The Nuances of Paying Off Student Loans
Paying off your student loans can be a major accomplishment, but it might lead to a slight drop in your credit score. If the student loan was your only installment account, closing the account could decrease your credit mix. However, paying off the loan could still improve your creditworthiness.
Strategies for Maintaining Good Credit
Your credit could depend on more than your student loans, especially if you have other loans and use credit cards.
- Pay your bills on time.
- Open a credit card.
- Only use a small portion of your credit limit.
- Add additional payments to your credit report.
The Information in Your Credit Report
Your credit reports will contain information about your student loans, including:
- Amount owed
- Payment history
- Length of credit history
- Mix of credit types
Paying your student loans on time can help you build credit and maintain a positive credit score. In contrast, failure to make payments will hurt your score. Establishing a good credit history and credit score affects your future ability to take out loans and use credit at lower interest rates.
If you think you may not be able to make your student loan payments, contact your servicer to find out more options.
Credit Inquiries and Rate Shopping
Both large and small lenders often use credit scores to help them underwrite student loans. In general, student loan shopping inquiries made during a focused time period will have little to no impact on your score.
As you're shopping for the best student loan rate, the lenders you approach may request your credit report or credit score. You can generally avoid having those inquiries affect your score if you finish your rate shopping in a reasonable amount of time. Try to finish your rate shopping and finalize your loan within 30 days.
Credit Score Components
A credit score is a number calculated based on information in your credit report. It consists of five categories:
- Payment history
- Amounts owed
- Length of credit history
- Credit mix
- New credit
Student loans are a type of installment loan, similar to a car loan, personal loan, or mortgage. They are part of your credit report and can impact your payment history, length of your credit history, and credit mix.
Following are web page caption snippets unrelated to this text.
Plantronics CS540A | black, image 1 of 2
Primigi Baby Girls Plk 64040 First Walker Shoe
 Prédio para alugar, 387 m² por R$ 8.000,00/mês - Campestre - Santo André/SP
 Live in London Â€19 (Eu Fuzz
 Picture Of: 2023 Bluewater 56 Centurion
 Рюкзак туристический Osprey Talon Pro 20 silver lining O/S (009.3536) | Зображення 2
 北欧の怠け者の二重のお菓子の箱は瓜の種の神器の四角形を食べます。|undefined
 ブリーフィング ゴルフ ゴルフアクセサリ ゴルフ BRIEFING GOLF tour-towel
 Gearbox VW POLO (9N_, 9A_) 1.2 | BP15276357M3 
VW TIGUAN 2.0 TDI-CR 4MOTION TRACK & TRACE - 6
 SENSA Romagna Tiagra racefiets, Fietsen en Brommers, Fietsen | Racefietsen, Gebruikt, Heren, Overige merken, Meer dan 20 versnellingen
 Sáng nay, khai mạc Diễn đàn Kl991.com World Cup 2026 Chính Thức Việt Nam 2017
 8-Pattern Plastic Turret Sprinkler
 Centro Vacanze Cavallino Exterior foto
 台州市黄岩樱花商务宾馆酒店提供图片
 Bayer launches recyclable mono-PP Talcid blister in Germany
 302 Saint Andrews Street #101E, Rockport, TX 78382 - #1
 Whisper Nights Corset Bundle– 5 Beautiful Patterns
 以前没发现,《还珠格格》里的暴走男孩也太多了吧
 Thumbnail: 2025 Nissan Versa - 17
Avoiding Late Payments and Default
To avoid being late, missing payments, or defaulting, take a look at your repayment plan. You can change your repayment plan for federal loans at any time at no cost. A credit inquiry is a request to look at your credit file, which can result in either a hard or soft credit pull. Hard inquiries are the only credit pulls that can have a negative impact on your credit score and usually stay on your credit report for up to two years.
For instance, loans under the Federal Direct Loan Program or Federal Family Education Loan Program are considered in default if payments are missed after 270 days. Defaulting on a student loan may result in withheld wages and no further access to federal aid until the debt is settled or a repayment plan has been approved.
Refinancing Student Loans
When you refinance your student loans, a lender will pay off your debt and issue a new private student loan. This new loan may come with a lower interest rate or a different term. While refinancing can save you money, it can also pose downsides. When you refinance your federal loans to a private student loan, you can no longer tap any of the benefits that come with the federal program, such as income-driven repayment, loan forgiveness, forbearance, or deferment.